## DATA SHOWN
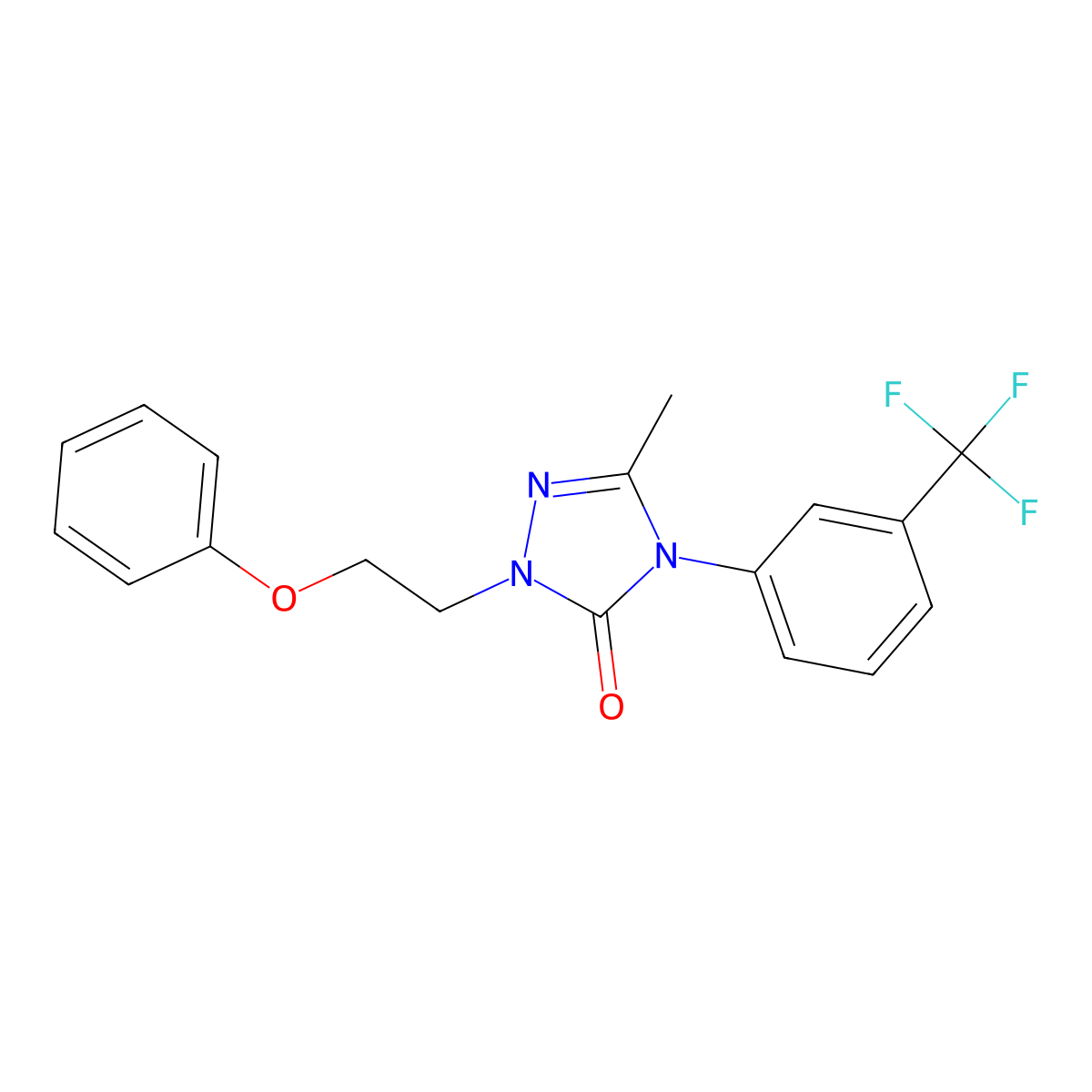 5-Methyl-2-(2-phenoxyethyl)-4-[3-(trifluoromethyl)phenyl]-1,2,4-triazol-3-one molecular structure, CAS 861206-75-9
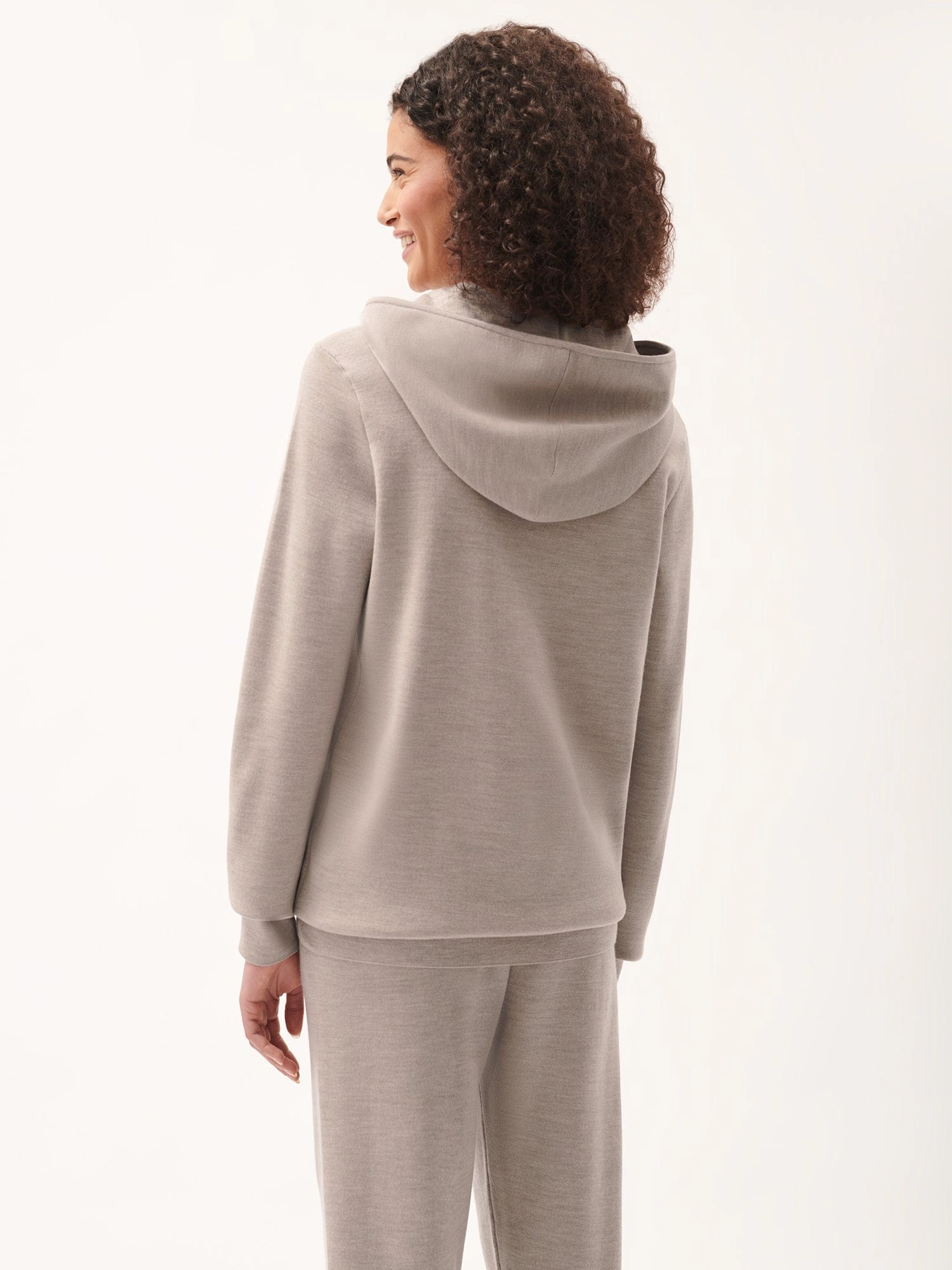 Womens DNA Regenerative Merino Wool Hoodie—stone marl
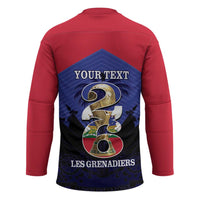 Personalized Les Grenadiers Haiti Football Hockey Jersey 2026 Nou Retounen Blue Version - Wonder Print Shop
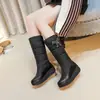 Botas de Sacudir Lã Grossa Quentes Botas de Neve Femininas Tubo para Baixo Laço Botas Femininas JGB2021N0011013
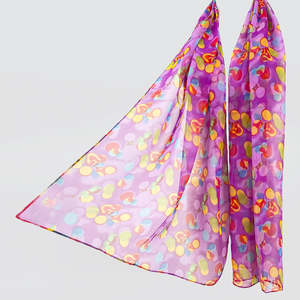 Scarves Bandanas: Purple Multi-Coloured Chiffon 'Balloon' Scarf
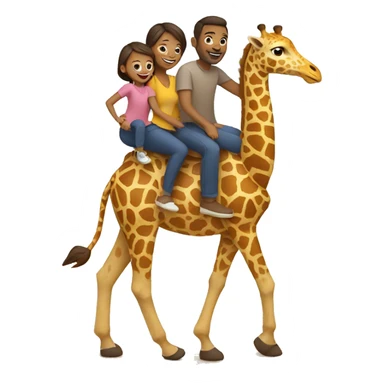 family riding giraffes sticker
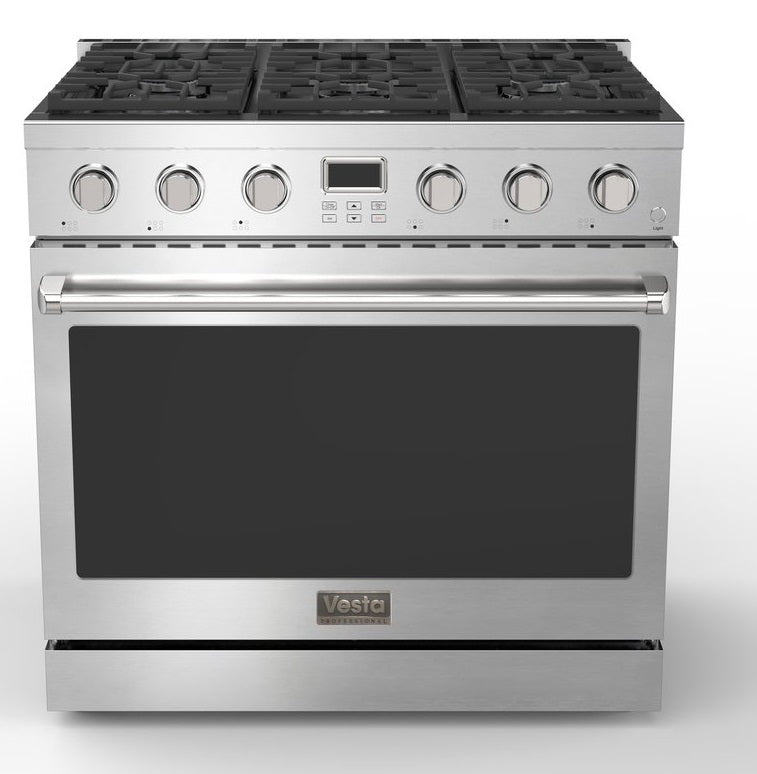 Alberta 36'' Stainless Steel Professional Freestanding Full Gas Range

...

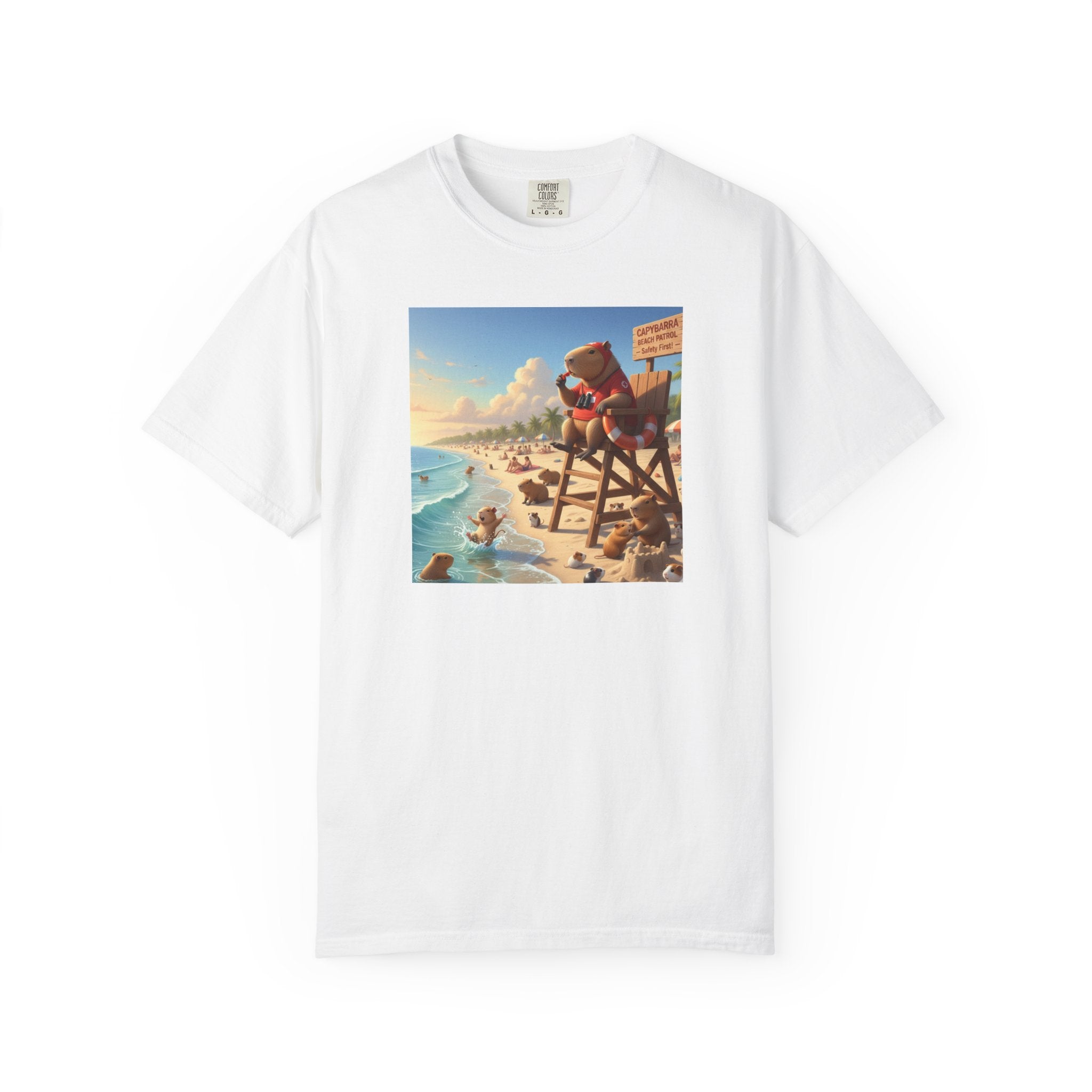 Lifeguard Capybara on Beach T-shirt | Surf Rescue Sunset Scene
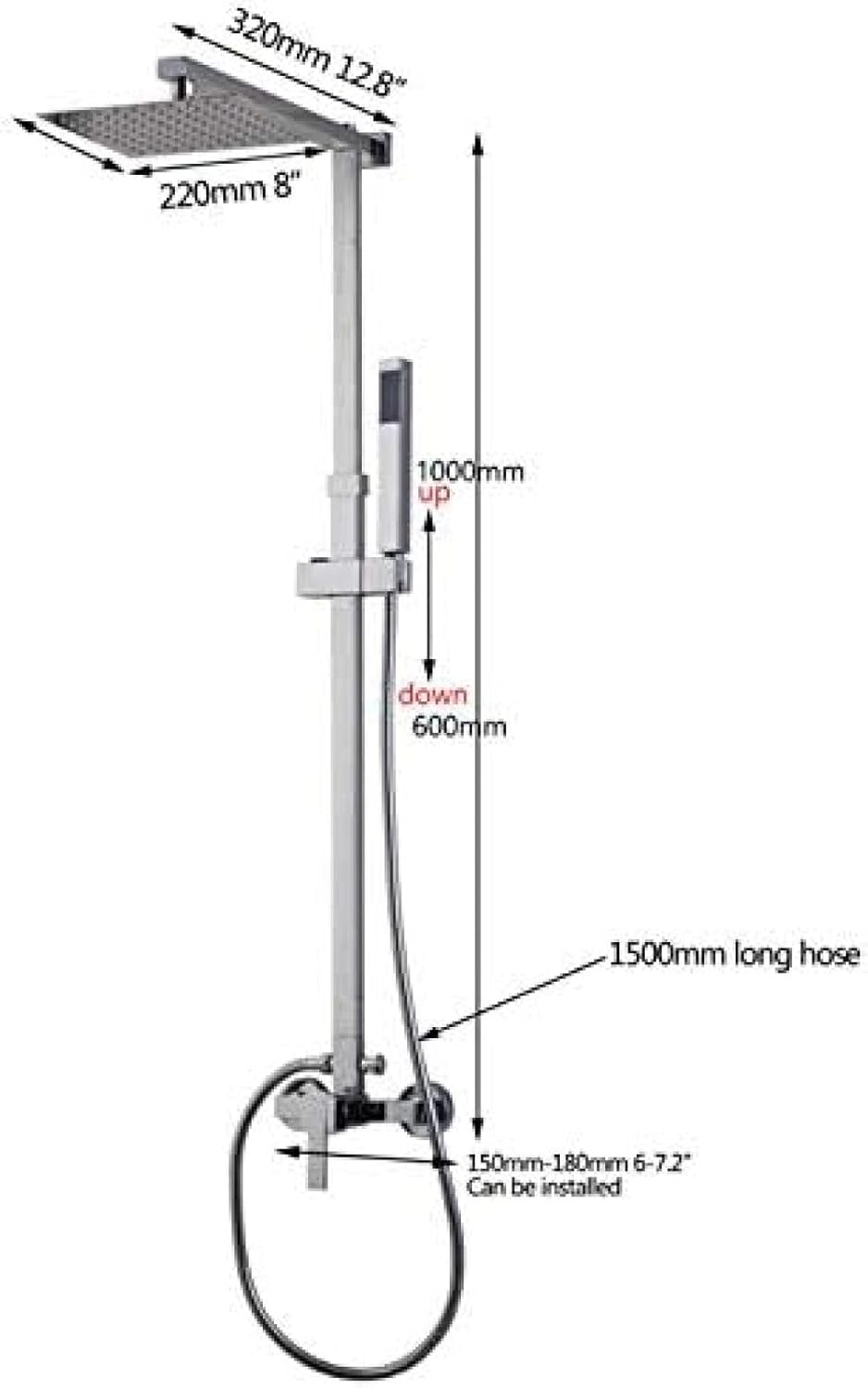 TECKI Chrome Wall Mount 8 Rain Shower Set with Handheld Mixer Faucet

==

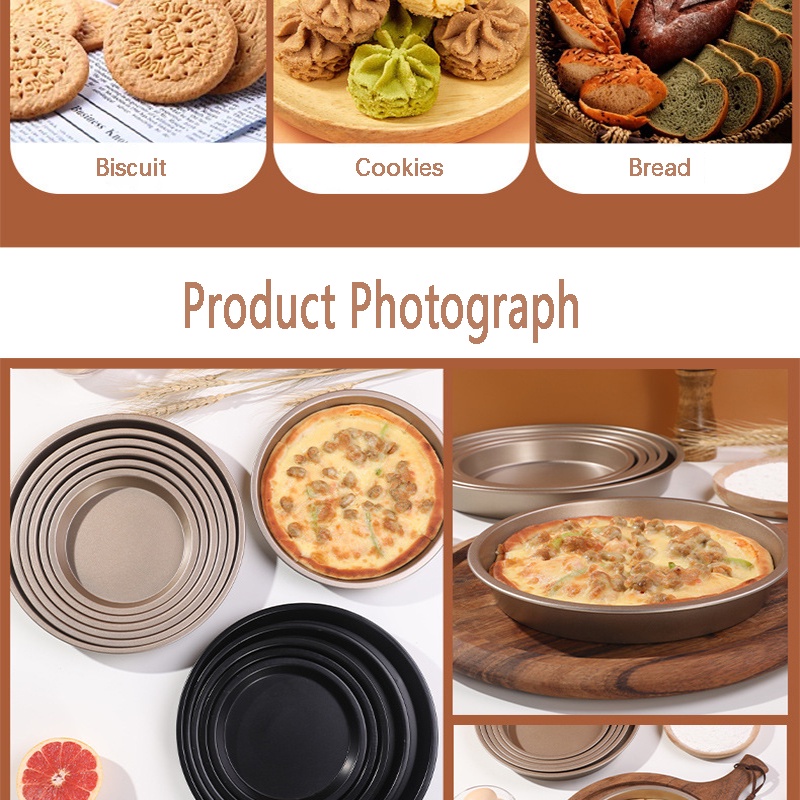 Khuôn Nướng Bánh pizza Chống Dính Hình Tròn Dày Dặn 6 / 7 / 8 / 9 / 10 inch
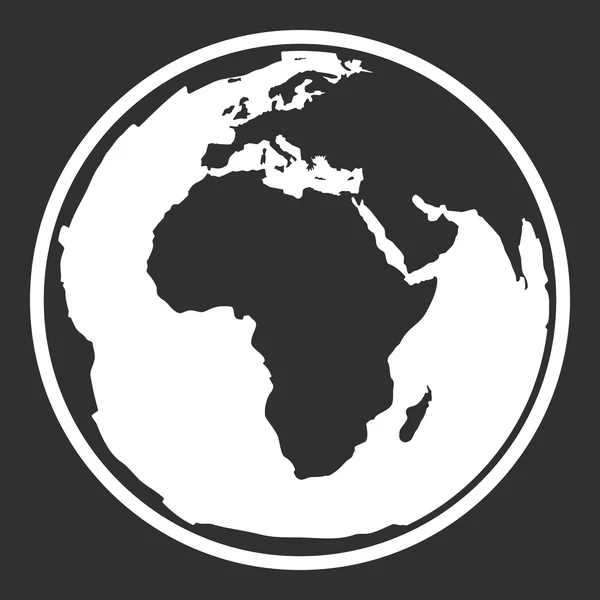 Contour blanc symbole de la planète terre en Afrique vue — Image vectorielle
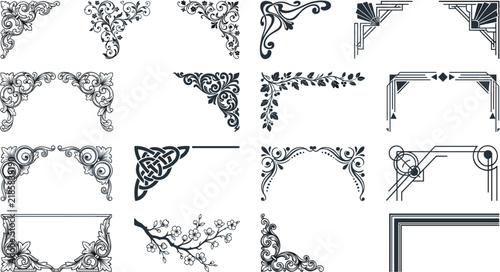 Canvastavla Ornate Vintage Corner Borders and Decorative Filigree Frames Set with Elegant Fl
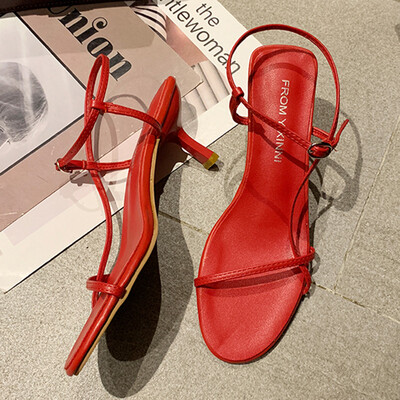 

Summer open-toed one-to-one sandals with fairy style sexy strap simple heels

## WHAT NEEDS TO BE DONE
Given the listing above, retype only the span of lines from the line with "Scarves Bandanas: Purple" up to and including the line with "Alberta 36'' Stainless", exactly as it stands and without pictures.

## PROBLEM SOLUTION
 Scarves Bandanas: Purple Multi-Coloured Chiffon 'Balloon' Scarf
 family riding giraffes sticker
 Alberta 36'' Stainless Steel Professional Freestanding Full Gas Range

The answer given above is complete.